Influence of hole transport layers on internal absorption, charge recombination and collection in HC(NH2)2PbI3 perovskite solar cells

Abstract

A comprehensive study of the internal absorption, charge recombination and collection in HC(NH₂)₂PbI₃ (FAPbI₃) perovskite solar cells (PeSCs) with poly(3-hexylthiophene-2,5-diyl) (P3HT) and 2,2′,7,7′-tetrakis(N,N-di-p-methoxyphenyl-amino)-9,9′-spirobifluorene (spiro-OMeTAD) as the hole transport layers (HTLs) is presented.

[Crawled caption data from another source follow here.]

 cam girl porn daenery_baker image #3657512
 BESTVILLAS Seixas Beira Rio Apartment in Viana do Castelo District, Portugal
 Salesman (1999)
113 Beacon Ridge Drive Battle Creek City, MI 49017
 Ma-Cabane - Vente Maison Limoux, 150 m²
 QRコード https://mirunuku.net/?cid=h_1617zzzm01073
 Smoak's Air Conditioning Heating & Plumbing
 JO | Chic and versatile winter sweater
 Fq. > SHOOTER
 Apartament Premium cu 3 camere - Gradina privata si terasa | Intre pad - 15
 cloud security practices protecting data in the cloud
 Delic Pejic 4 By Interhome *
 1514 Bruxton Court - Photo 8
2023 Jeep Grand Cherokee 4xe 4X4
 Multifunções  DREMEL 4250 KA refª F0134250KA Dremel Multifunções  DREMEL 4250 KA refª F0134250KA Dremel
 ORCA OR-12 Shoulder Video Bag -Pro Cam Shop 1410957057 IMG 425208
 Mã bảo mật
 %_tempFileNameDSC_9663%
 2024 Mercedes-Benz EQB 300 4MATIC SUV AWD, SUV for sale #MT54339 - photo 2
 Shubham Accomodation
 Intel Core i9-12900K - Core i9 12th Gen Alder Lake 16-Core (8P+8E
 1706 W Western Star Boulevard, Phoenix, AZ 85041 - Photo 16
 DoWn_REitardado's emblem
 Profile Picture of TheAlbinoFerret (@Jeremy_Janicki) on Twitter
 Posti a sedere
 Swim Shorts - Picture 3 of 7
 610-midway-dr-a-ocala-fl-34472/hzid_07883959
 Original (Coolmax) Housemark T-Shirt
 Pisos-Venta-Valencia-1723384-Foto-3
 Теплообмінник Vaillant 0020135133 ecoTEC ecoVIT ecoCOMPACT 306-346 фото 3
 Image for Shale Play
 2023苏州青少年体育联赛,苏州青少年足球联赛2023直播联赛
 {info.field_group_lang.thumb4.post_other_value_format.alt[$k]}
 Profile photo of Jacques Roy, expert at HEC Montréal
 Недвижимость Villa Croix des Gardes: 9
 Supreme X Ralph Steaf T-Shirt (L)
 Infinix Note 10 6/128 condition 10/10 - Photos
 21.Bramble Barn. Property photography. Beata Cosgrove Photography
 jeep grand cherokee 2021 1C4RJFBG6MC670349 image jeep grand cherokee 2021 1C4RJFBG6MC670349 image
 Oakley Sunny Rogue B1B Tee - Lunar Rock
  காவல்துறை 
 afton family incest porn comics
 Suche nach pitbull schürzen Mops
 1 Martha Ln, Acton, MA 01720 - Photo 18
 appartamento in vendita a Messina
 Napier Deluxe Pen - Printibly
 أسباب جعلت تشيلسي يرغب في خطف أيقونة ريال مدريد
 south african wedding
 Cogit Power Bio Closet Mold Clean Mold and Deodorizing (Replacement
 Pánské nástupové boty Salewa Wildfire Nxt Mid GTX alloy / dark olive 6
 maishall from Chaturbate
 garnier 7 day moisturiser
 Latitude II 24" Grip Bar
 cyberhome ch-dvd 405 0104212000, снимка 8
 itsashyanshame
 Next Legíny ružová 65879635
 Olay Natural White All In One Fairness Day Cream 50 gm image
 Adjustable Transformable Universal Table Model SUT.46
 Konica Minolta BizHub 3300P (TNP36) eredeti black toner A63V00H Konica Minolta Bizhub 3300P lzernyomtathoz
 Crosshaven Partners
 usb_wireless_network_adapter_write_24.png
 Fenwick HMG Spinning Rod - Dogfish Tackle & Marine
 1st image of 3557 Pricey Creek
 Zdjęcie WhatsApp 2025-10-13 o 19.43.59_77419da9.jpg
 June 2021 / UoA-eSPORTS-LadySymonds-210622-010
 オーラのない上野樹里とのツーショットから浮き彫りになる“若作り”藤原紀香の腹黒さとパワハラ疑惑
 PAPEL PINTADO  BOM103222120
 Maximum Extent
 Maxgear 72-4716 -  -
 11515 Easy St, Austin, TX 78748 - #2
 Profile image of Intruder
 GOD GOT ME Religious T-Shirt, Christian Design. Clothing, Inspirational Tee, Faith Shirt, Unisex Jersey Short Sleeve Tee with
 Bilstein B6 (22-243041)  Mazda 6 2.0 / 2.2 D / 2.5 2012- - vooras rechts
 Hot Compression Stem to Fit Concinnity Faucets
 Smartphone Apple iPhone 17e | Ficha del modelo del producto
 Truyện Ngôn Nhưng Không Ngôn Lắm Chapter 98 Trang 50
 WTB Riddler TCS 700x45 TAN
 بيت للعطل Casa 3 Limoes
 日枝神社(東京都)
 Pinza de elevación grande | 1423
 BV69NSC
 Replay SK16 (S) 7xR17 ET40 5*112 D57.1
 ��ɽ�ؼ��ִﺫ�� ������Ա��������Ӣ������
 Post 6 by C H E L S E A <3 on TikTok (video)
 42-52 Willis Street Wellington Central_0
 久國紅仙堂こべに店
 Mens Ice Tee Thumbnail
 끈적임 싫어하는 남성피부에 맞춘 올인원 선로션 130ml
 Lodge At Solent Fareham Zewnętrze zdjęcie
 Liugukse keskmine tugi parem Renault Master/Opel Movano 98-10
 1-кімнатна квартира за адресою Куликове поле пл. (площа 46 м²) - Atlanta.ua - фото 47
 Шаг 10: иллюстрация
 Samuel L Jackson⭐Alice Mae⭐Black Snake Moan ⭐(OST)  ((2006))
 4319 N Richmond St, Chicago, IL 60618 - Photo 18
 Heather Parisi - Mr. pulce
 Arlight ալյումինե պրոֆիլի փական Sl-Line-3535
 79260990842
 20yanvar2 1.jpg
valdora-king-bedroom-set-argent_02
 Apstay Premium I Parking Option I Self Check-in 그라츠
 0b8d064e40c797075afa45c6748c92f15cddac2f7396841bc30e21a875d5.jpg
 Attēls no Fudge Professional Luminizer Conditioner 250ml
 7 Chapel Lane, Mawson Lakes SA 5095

The optical simulation shows that the optical-field distribution and internal absorption of the perovskite layer are different in the cavity region for wavelength > 500 nm in PeSCs with HTLs of P3HT and spiro-OMeTAD. The transient photo-current (TPC) and photoinduced charge extraction by linearly increasing voltage (photo-CELIV) investigations reveal that the charge recombination in PeSCs is much better restrained by using spiro-OMeTAD as the HTL. The light intensity dependent J–V performance indicates that spiro-OMeTAD is more favorable for efficient charge collection due to its suppressed charge recombination. These results manifest that the HTL can affect the internal absorption of the perovskite layer, and the spiro-OMeTAD HTL is beneficial for reducing the recombination and enhancing the charge collection in PeSCs.